Germany may be looking for new sources of energy following its decision to abandon nuclear power, but it seems determined to avoid "fracking," the controversial method for extracting natural gas that is booming in the United States.
"The message is we want to limit fracking, we don't want to facilitate it," environment minister Peter Altmaier told Deutschlandfunk radio, as reported by Reuters in The Guardian. "And anyway I don't see in the forseeable future that fracking will be employed anywhere within Germany."
Germany's Parliament has proposed rules that would tighten restrictions on fracking, a technique that blasts water and chemicals into shale rock to release trapped natural gas. Critics say the process - also known as hydraulic fracturing - can pollute water supplies and trigger earthquakes.
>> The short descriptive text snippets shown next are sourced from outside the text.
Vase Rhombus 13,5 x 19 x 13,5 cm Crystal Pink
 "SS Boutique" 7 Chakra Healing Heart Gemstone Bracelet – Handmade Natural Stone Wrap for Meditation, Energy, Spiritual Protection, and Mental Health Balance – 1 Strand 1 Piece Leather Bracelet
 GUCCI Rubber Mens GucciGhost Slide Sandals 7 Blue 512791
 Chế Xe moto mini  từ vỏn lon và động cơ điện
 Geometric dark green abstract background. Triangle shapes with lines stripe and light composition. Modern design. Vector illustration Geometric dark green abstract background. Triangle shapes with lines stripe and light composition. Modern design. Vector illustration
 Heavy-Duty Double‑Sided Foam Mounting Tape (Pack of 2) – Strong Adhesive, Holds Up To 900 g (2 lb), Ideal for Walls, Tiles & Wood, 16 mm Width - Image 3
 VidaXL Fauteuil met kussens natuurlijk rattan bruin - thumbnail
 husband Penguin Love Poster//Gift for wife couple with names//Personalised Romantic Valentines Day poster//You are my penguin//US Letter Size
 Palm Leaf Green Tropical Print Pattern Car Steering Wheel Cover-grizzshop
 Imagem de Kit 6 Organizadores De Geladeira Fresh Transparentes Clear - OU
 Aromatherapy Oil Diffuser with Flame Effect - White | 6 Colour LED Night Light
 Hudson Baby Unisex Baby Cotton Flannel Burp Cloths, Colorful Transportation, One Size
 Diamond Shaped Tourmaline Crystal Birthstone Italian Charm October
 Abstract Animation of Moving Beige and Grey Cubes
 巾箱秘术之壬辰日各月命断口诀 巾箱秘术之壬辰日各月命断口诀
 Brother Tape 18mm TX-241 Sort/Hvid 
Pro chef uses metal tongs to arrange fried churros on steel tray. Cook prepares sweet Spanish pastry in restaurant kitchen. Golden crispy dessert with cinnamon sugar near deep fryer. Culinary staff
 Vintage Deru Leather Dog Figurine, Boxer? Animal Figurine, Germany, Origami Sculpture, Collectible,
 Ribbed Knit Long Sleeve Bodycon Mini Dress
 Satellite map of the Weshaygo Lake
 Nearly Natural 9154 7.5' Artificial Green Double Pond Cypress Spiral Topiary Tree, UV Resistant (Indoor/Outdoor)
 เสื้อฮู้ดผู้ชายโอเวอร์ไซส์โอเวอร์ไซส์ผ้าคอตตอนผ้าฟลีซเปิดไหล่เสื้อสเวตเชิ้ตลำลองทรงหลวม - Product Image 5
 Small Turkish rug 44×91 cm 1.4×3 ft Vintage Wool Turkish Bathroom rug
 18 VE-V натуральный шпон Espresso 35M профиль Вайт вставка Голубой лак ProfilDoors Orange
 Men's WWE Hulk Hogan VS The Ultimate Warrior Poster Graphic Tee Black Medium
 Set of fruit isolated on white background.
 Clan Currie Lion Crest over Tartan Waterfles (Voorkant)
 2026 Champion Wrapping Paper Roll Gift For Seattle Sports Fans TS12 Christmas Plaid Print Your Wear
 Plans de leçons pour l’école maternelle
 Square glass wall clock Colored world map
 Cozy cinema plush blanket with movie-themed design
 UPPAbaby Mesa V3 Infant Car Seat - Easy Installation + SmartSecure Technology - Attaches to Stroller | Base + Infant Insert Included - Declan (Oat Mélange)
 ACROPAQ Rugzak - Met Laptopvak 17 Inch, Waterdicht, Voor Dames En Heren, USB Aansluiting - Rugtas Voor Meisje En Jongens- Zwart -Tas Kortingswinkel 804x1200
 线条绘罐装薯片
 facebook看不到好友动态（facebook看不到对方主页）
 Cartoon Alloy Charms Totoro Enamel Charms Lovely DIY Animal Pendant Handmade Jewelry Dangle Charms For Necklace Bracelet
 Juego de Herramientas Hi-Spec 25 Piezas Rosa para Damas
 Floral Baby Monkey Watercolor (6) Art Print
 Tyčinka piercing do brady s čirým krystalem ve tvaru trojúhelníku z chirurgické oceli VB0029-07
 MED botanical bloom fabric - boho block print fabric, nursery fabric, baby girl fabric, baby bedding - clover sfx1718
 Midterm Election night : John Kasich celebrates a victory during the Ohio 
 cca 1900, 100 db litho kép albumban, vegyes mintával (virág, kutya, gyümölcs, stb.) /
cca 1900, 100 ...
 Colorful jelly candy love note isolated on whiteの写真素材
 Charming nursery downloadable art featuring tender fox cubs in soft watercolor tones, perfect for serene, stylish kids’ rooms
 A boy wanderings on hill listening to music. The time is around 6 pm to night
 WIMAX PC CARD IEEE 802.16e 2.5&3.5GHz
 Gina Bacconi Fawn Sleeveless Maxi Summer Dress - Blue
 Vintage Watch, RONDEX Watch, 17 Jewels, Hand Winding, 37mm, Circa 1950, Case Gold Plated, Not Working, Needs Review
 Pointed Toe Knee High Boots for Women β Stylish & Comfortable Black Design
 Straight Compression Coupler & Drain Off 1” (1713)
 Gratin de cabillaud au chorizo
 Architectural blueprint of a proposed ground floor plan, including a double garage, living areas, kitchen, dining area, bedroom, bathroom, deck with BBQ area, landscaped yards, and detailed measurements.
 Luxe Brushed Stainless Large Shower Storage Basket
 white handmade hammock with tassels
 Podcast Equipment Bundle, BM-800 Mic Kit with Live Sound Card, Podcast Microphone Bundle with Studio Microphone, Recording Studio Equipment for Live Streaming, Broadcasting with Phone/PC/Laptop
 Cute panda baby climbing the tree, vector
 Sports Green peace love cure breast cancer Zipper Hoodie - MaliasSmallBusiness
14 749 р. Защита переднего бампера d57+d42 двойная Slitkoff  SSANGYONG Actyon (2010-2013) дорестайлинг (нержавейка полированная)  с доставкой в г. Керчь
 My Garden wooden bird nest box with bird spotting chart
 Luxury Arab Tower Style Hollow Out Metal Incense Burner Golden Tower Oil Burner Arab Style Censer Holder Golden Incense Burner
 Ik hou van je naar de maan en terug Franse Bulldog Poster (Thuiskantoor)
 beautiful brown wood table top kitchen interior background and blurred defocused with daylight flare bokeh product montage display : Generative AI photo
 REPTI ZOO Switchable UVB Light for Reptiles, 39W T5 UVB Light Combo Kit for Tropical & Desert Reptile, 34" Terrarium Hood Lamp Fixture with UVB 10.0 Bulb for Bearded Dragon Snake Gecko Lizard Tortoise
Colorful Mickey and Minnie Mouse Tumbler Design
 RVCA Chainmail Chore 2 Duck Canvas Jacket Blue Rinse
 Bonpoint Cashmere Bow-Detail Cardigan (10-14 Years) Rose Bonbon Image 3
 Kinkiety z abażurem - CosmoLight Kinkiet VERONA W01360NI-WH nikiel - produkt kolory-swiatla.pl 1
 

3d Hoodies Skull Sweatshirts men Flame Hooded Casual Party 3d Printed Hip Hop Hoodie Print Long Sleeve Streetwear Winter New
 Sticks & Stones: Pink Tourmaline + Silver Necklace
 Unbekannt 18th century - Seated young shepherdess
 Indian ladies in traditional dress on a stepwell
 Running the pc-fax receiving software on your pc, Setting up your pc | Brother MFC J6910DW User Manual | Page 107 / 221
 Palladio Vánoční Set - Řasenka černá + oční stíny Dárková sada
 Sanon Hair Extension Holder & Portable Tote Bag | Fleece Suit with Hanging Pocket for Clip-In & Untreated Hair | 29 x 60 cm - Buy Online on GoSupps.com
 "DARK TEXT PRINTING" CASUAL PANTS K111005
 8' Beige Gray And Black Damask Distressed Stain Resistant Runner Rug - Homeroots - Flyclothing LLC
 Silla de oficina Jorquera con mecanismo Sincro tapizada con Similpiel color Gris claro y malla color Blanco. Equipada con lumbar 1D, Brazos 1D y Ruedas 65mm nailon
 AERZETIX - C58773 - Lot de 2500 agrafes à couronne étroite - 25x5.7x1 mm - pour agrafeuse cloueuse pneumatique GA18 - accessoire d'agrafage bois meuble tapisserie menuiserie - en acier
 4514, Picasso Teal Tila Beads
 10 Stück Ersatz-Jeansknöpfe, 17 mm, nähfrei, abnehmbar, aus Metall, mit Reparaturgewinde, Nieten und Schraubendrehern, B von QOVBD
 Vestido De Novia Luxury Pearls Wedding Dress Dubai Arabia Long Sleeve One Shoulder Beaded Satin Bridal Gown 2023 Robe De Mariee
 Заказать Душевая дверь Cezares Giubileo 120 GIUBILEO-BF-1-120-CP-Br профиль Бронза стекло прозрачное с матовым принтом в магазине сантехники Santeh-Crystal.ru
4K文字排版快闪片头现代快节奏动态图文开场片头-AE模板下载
Corporate giants including ExxonMobil and Germany's BASF - the world's largest chemicals company and owner of an oil and gas division called Wintershall - want to explore fracking possibiilties. Under Germany's federal structure, individual states can decide whether to issue permits.
Since deciding to walk away from nuclear power in the wake of Japan's Fukushiuma nuclear meltdowns nearly two years ago, Germany - Europe's largest economy - has had to find substitute sources of energy. Ironically, it has been importing nuclear power from France. It also has a strong renewables program, but that has not prevented it from increasing its use of fossil fuels like coal and thus adding to its CO2 emissions. Natural gas is a fossil fuel that does not emit as much CO2 as coal.
Germany currently supplies only 14 percent of its natural gas and imports 40 percent of what it consumes from Russia, according to the Reuters article.
Some energy observers say that fracking in the U.S. is setting that country on the road toward energy independence.